Replication in databases - Part 2
This write up is a continuation of the post at Replication part1 if you haven’t read it, i would recommend you to read it first and then jump into this write up.
Let me tell you how leader based replication works under the hood. There are several methods which are used in practice,
Statement-based replication
In the simplest case, the leader logs every write request(statement) that it executes and sends the statement log to its followers(replicas). For a relational database this means that every INSERT, UPDATE AND DELETE statement is forwarded to followers, and each of the follower parses and executes that SQL statement as if it had been received from a client. Although this sounds reasonable, there are many ways in which this approach to replication can break:
- Any statement that calls a non-deterministic function, such as NOW() to get the current date and time or RAND() to get a random number, is likely to generate a different value on each replica.

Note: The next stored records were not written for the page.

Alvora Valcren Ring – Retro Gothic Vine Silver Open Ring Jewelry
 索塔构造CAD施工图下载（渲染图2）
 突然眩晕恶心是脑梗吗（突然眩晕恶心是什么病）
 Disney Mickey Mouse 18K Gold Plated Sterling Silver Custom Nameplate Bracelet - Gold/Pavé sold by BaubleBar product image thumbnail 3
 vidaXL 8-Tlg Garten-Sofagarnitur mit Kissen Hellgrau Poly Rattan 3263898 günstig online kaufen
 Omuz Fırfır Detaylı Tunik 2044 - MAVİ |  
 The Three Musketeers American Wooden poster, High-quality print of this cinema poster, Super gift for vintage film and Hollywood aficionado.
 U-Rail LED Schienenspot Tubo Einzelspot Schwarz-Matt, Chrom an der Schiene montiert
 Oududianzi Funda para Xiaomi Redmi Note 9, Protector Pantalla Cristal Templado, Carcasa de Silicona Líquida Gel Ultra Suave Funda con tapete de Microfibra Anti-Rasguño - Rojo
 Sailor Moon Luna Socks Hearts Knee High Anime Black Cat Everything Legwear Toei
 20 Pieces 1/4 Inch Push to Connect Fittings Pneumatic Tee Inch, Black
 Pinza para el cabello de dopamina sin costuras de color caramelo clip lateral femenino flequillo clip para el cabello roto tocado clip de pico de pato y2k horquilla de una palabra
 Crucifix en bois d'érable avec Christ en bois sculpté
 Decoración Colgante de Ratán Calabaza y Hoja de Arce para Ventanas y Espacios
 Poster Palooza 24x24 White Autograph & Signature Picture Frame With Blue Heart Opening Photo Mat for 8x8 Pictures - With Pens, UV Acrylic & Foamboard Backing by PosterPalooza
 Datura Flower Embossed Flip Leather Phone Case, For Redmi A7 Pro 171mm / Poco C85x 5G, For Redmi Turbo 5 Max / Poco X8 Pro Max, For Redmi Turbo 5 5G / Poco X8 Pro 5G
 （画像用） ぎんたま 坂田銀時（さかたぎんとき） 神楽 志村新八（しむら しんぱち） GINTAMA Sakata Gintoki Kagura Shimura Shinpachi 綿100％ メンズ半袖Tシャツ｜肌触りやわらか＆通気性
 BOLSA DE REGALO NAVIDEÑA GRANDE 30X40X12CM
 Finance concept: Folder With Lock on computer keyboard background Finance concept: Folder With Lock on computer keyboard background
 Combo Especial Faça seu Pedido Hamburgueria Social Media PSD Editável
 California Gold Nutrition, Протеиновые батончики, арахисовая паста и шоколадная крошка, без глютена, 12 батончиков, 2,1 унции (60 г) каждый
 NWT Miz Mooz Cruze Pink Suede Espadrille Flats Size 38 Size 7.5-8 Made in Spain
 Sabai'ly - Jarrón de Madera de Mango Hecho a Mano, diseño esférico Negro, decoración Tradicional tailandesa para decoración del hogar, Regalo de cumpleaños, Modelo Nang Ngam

- If statements use an auto incrementing column, or if they depend on the existing data in the database(eg, UPDATE…
WHERE
), they must be executed in exactly the same order on each replica, or else they may have a different effect. This can be limiting when there are multiple concurrently executing transactions. - Statements that have side effects (eg, triggers, stored procedures, user-defined functions) may result in different side effects occurring on each replica, unless the side effects are absolutely deterministic.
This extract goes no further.